### ACTIVITY
Below are records; from the line containing "Sweatshirt wonder girl Graphic Print" through the very last line, output each line exactly. No pictures.
=== DATA EXCERPTS ===
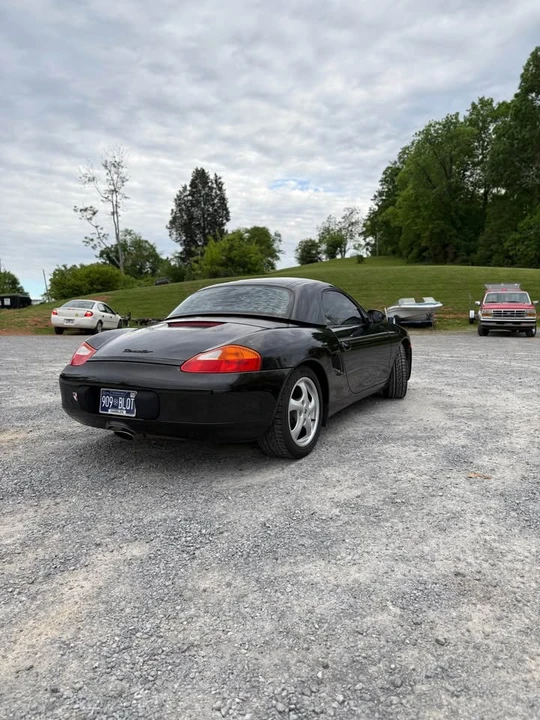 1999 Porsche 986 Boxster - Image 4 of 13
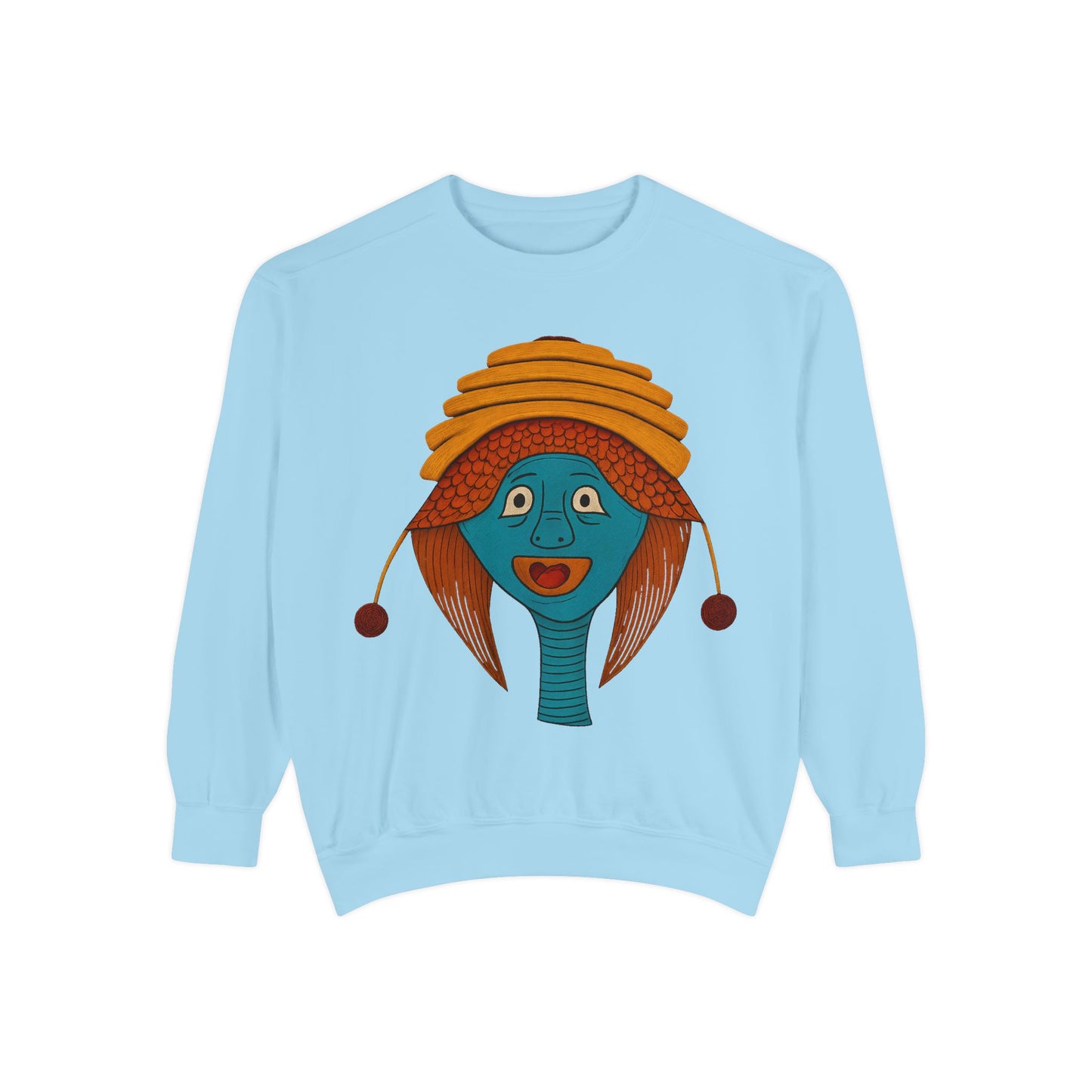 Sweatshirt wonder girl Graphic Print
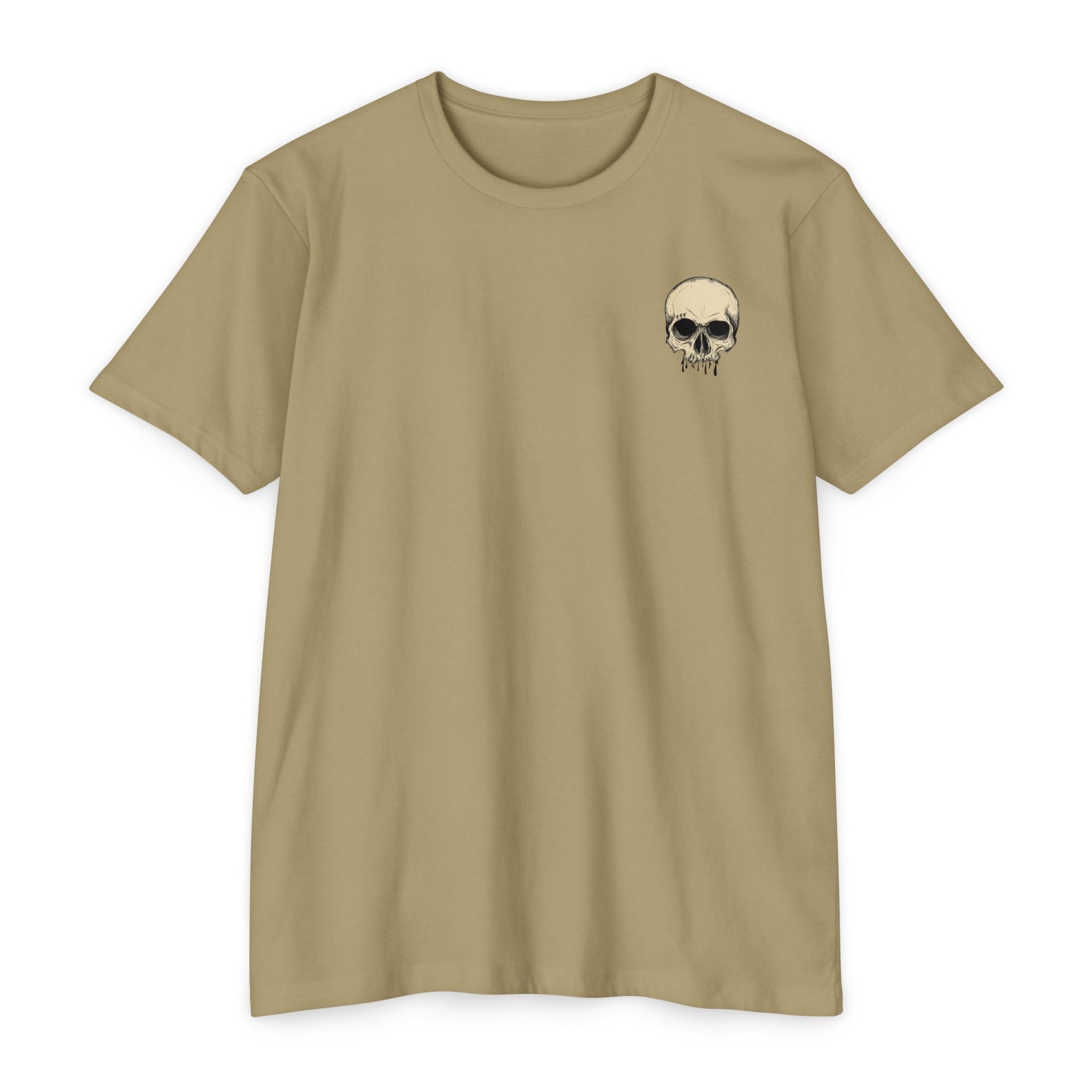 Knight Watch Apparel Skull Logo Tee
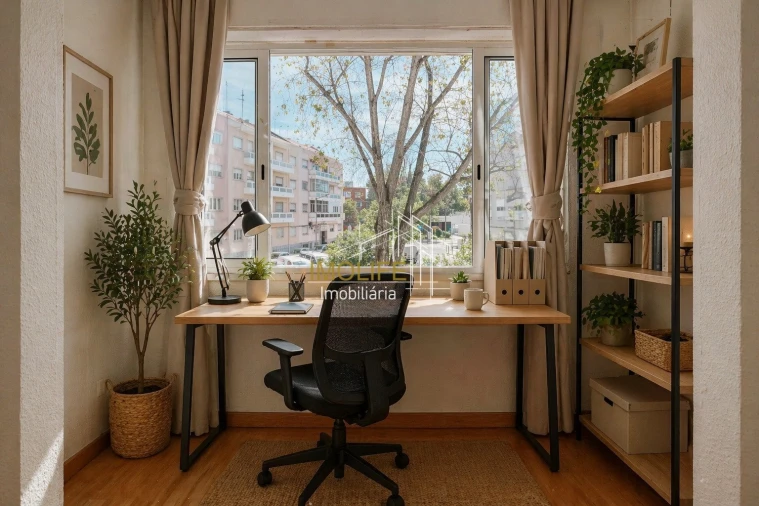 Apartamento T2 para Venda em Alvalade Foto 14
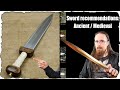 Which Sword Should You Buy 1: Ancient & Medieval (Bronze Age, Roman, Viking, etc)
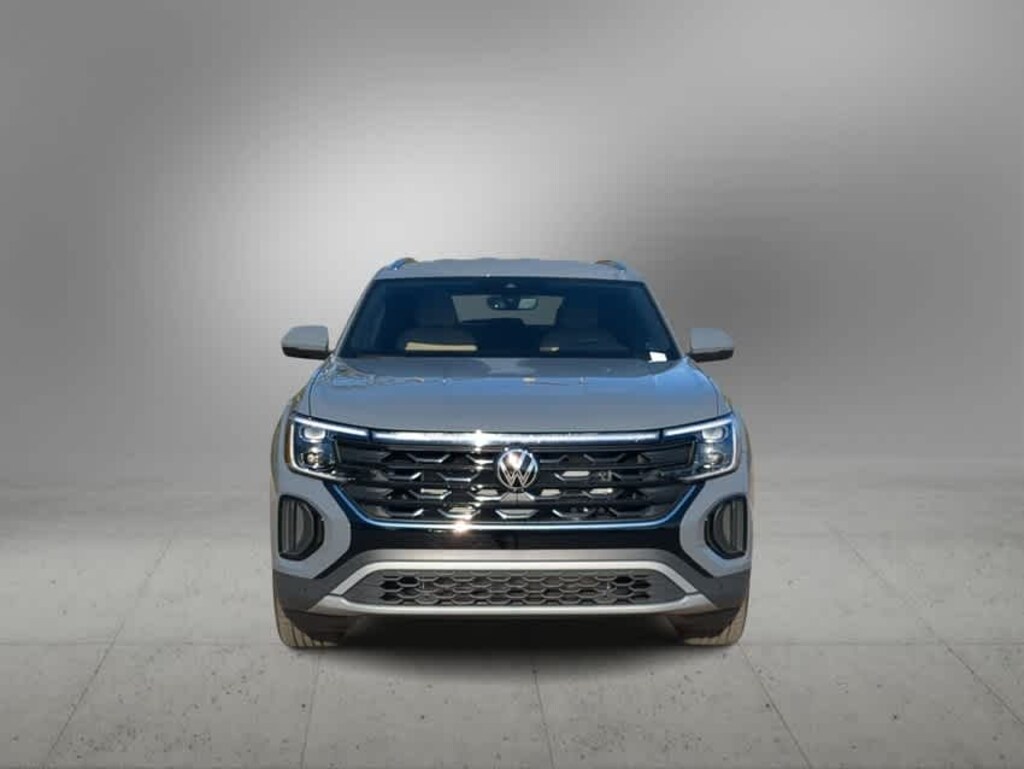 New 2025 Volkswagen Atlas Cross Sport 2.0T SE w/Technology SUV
===
### TASK RESULT
 Sweatshirt wonder girl Graphic Print
 Knight Watch Apparel Skull Logo Tee
 Apartamento T2 para Venda em Alvalade Foto 14
 Which Sword Should You Buy 1: Ancient & Medieval (Bronze Age, Roman, Viking, etc)
 New 2025 Volkswagen Atlas Cross Sport 2.0T SE w/Technology SUV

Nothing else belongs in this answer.